With the same object in view, Champlain, in 1609, explored the Richelieu River and Lake Champlain. In 1613, he listened, only to be deceived, to the story of Vignau about a way to the East up the Ottawa River to a large lake and into another river that would lead to the Western Sea.
Henry Hudson made four voyages in search of a way through or round the continent. On the first, second, and fourth, he tried to go round by a North-west or a North-east passage. On the third voyage, in 1609, he sailed up the Hudson River for 150 miles, only to find his way blocked. A curious fact is that on this voyage he must, at one time, have been only about twenty leagues from Champlain, when the latter was exploring Lake Champlain on the same errand. (Show this on the map.) On his fourth voyage, in 1610, Hudson discovered the bay that now bears his name, and he must have thought, when he saw that great stretch of water to the West, that he was at last successful. He wintered there, and when the ice broke up in the spring, his men mutinied and set him, his young son, and two companions, adrift in a boat, and they were never heard of again. (See The Story of the British People pp. 234-235.)

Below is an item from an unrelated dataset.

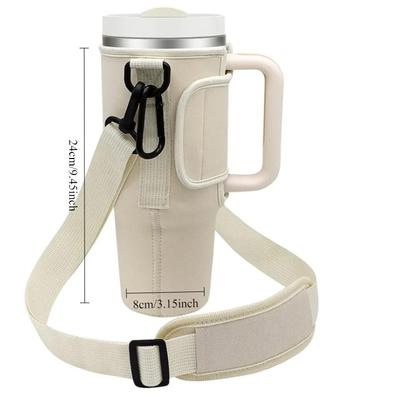 Sac de transport à bandoulière réglable pour tasse à eau Stanley 40 oz Pliable Portable Sac isotherme pour bouteille d'eau Manchon de tasse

The Mississippi was long looked upon as a possible way to the Pacific Ocean. La Salle explored the great lakes and the Ohio, Illinois, and Mississippi Rivers. This last he found to flow south into the Gulf of Mexico, instead of west into the Pacific Ocean. His settlement on Montreal Island was called La Chine (the French word for China), in allusion to his desire to find the way to that country.
Later, others were led by the same desire to explore the western part of what is now Canada. Verendrye, in 1731, travelled from Lake Nepigon by way of Rainy Lake, the Winnipeg River, and the Red River, to the junction of the latter with the Assiniboine, where Winnipeg now stands; also up the Saskatchewan River to the Forks. His son, in 1742, explored the Missouri River and came within sight of the Rocky Mountains.
Men of the Hudson’s Bay Company and of the North-West Company—Mackenzie, Fraser, Thompson, Simpson, Hearne—amid great hardships and through thrilling adventures, continued the work of exploring the waterways of the West to find an opening to the Pacific.
It has remained to the people of Canada to conquer the passes of the Rockies and Selkirks, build great transcontinental railways and steamship lines, and thus afford a direct short route from Europe to Cathay. What men had striven for during more than four hundred years it has been our lot to accomplish.
Other topics of interest suggested by the lesson may be taken up afterwards; for example, the opening of the Suez Canal and its effect on trade—why it did not restore supremacy to the Italian cities; the opening of the Panama Canal and its probable effect on commerce; the reasons why merchants prefer water routes to land routes, etc.